Data section:
_ _ _ _ _

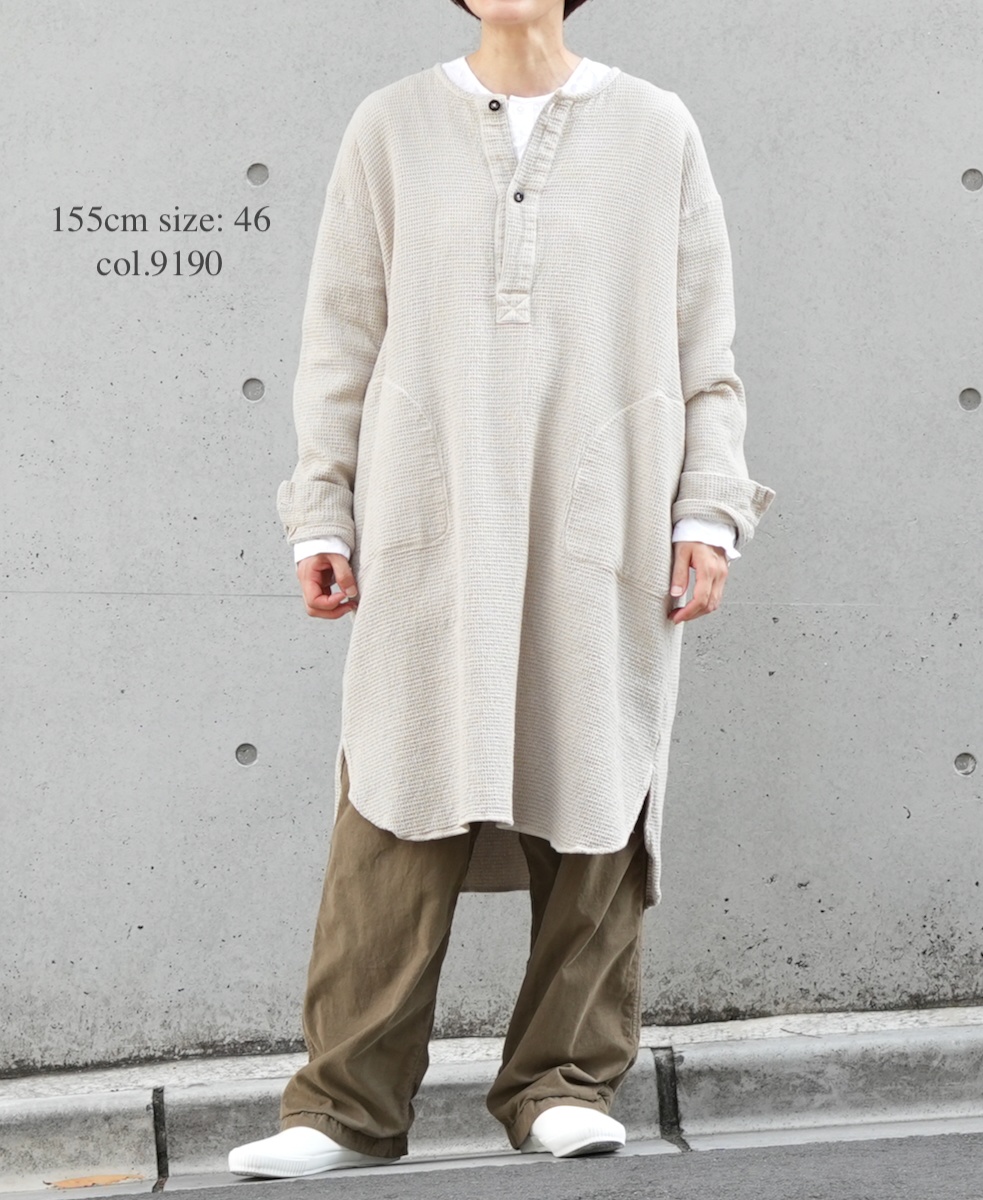 INHT2301WPD (ロングシャツ) WAFFLE PLAIN OVERDYE HENLY NECK LONG SHIRT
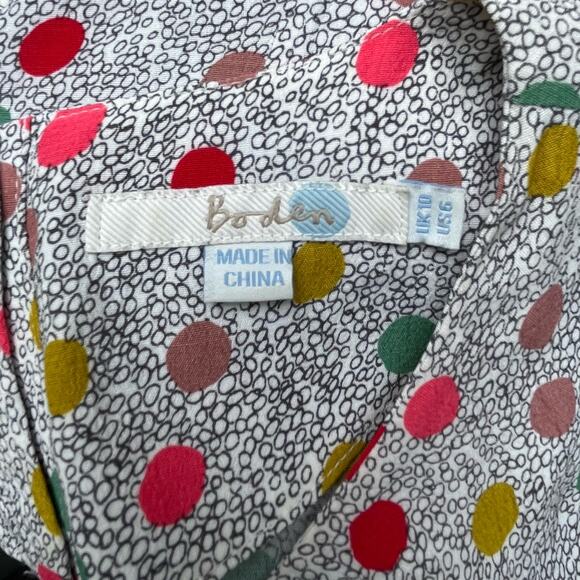 Boden Polka Dot Pleated Long Sleeve Blouse Crewneck Back Button Women's 6 - Picture 4 of 8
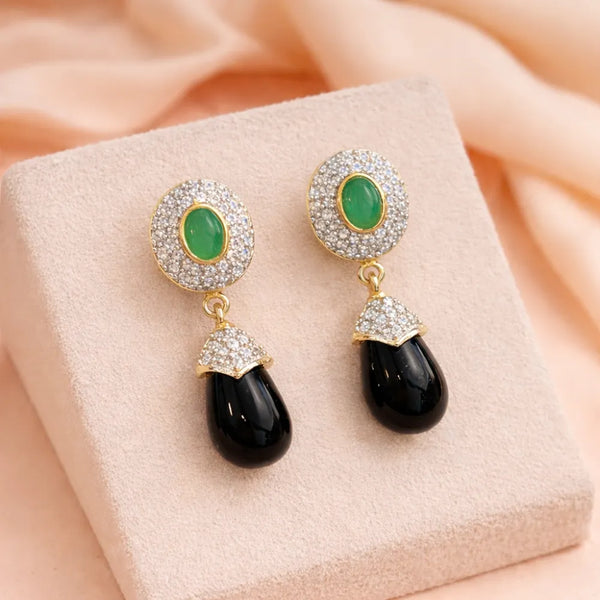 Emerald & Onyx Halo Drop Earrings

_ _ _ _ _

Only the pictures are to be left out; copy all the remaining material above exactly.

Answer space:
 INHT2301WPD (ロングシャツ) WAFFLE PLAIN OVERDYE HENLY NECK LONG SHIRT
 Boden Polka Dot Pleated Long Sleeve Blouse Crewneck Back Button Women's 6 - Picture 4 of 8
 Emerald & Onyx Halo Drop Earrings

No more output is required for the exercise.